The Oakland A's were in double trouble today. The Yankees beat them twice, each time with game-winning home runs and belief pitchers who gave the A's no relief, striking out the side each time in the last inning.

"Pitching and power," said Jerry Mumphrey, whose 10th-inning home run wom the first game for the Yankees, 3-2. "That's what this team is all about."

"Pitching and defense," said Jim Spencer, whose seventh-inning home run won the second game for the Yankees, 2-0, sending Oakland to its fourth and fifth losses in 25 games this season.

The Yankees came into the first game of the doubleheader with a batting average of .224 and an ERA of 3.04. The Bronx Bombers have hig 26 home runs so far this season, but otherwise their hitting has been a bomb. Their pitching is the reason they are percentage points out of first place.

"We're part of the ball club, too," said Ruby May, who started the first game. "We wear the same color uniforms."

"We don't feel like orphans," insisted Tommy John, who won the second game with a little ninth-inning help from his friend, Rich Gossage.

It is easy to overlook your pitching staff when your lineup has people named Jackson and Winfield.
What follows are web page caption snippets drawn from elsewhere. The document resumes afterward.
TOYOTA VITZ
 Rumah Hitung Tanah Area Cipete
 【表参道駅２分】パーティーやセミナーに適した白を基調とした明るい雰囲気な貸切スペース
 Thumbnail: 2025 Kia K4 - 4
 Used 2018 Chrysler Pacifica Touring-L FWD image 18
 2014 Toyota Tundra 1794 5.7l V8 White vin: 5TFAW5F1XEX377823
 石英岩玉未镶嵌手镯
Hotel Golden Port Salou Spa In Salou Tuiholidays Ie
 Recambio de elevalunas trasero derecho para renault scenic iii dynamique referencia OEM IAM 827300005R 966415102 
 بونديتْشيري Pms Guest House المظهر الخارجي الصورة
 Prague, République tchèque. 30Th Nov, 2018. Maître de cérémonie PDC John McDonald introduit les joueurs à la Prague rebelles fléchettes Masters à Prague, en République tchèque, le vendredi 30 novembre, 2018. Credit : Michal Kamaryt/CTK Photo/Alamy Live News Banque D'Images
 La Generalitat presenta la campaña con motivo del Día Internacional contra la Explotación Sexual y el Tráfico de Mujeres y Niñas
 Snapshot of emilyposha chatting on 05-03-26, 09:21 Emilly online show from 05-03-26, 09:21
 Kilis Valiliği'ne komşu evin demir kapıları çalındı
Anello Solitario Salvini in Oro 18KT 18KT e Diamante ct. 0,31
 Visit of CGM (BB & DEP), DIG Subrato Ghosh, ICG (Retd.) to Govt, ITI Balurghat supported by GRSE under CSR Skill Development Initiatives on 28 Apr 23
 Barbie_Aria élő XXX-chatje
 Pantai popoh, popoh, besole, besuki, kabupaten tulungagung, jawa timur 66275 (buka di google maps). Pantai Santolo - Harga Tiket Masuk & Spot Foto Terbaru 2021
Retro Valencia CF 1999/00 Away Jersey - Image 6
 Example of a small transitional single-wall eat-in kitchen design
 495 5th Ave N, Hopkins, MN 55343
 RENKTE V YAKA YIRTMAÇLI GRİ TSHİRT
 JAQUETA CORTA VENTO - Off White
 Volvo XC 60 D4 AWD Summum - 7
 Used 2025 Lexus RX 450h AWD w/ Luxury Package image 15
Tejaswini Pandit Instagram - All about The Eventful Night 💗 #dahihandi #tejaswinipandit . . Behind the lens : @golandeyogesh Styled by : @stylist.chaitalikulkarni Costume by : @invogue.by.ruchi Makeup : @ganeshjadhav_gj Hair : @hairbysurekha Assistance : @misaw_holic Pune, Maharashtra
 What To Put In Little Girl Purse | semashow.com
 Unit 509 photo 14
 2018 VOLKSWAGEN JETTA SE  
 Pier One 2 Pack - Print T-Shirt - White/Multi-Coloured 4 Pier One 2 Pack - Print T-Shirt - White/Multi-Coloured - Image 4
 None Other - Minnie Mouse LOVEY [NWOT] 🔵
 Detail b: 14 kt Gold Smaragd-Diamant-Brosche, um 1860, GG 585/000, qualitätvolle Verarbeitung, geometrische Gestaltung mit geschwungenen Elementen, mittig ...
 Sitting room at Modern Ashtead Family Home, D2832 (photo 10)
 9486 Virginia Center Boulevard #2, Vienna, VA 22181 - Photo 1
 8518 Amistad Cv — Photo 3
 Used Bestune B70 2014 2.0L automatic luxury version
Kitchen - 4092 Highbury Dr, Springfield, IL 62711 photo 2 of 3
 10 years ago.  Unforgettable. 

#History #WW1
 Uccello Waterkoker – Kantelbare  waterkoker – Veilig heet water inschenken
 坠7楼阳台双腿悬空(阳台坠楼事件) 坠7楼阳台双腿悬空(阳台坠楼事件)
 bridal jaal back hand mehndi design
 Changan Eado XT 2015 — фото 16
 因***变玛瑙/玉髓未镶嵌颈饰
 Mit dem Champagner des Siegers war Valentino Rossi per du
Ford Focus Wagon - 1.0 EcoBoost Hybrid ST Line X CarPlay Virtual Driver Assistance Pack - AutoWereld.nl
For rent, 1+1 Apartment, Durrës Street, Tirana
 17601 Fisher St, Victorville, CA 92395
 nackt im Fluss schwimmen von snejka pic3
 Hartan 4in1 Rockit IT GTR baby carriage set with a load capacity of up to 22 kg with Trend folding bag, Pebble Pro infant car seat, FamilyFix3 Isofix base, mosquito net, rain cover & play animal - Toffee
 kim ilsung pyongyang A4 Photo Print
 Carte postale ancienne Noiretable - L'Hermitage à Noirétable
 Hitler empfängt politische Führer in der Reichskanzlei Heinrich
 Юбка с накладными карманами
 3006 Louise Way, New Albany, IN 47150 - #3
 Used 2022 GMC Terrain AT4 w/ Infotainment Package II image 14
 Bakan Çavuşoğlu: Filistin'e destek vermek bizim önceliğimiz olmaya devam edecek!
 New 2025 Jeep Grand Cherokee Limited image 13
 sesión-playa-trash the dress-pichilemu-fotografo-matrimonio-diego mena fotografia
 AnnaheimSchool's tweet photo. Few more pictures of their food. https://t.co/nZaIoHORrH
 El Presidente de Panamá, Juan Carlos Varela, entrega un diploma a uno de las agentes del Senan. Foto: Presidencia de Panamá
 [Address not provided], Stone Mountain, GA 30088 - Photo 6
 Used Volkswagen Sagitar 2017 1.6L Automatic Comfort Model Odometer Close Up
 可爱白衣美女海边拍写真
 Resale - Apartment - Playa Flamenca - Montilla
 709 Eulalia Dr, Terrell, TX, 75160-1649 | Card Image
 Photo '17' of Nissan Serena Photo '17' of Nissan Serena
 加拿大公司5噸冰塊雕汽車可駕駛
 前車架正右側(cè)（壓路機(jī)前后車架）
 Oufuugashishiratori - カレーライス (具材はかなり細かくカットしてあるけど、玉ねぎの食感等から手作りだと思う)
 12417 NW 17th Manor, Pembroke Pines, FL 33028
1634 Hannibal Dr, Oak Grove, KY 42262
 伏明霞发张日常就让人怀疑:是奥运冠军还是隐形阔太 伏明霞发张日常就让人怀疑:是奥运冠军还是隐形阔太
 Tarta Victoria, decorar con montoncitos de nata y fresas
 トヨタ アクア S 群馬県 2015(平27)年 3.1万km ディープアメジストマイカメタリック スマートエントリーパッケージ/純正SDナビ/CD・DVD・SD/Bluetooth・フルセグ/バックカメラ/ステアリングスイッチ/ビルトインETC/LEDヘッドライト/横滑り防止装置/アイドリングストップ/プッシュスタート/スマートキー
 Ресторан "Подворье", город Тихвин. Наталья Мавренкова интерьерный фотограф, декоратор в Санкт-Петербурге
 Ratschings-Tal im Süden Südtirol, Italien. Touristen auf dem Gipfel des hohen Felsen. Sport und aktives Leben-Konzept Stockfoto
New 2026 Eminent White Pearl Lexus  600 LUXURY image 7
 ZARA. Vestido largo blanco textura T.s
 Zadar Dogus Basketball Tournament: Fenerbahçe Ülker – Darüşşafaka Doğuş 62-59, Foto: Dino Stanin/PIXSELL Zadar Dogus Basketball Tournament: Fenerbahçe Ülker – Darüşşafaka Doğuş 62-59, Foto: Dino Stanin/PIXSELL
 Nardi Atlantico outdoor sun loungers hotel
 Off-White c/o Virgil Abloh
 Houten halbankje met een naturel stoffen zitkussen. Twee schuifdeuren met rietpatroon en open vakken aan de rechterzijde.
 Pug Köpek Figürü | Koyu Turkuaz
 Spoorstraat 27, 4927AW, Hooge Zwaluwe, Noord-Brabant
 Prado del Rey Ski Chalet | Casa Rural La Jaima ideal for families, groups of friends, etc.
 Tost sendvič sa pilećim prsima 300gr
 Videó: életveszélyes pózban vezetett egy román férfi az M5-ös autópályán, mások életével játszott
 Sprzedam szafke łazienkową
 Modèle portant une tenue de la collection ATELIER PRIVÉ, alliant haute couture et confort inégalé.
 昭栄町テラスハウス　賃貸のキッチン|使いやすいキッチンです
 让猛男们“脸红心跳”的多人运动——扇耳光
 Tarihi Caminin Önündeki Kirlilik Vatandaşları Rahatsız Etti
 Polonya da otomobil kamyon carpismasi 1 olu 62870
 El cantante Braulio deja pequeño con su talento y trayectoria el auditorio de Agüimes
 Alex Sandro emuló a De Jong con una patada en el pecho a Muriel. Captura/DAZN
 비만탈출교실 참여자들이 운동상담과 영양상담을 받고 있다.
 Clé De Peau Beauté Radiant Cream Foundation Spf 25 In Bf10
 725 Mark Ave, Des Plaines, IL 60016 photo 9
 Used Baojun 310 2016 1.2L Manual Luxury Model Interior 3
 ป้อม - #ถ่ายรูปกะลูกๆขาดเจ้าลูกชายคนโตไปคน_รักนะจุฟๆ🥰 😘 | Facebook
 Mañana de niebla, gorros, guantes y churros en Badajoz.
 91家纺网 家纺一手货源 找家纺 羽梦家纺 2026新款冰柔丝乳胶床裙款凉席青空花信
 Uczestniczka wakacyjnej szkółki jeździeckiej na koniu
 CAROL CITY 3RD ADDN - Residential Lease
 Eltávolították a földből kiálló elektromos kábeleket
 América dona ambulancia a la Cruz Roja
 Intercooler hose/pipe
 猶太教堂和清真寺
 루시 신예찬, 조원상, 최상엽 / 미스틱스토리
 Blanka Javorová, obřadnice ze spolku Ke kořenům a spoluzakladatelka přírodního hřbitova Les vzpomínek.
But not today.

Not Ron Davis and Gossage. Not even May and John.

With the score tied, 2-2, in the bottom of the ninth of the first game, May struck out Jeff Newman on three pitches before giving up singles to shortstop Dave McKay and second baseman Shooty Babitt. Enter Davis, who promptly struck out the last five batters of the game. "I've never even struck out five batters in a game before," Davis said.

While everyone (48,592 paid) was asking the question, Where's Gossage? Davis struck out pinch-hitter Dave Revering on three pitches and Rickey Henderson on four.

In the top of the 10th, Mumphrey, the other new Yankee outfielder from San Diego, hit his third home run of the season (he had three in 1980), to put the Yankees ahead, 3-2.

Then Davis continued his Gossage impersonation, striking out Dwayne Murphy, Cliff Johnson and Tony Armas to end the game. Gossage stopped warming up in the bullpen, watching in appreciation.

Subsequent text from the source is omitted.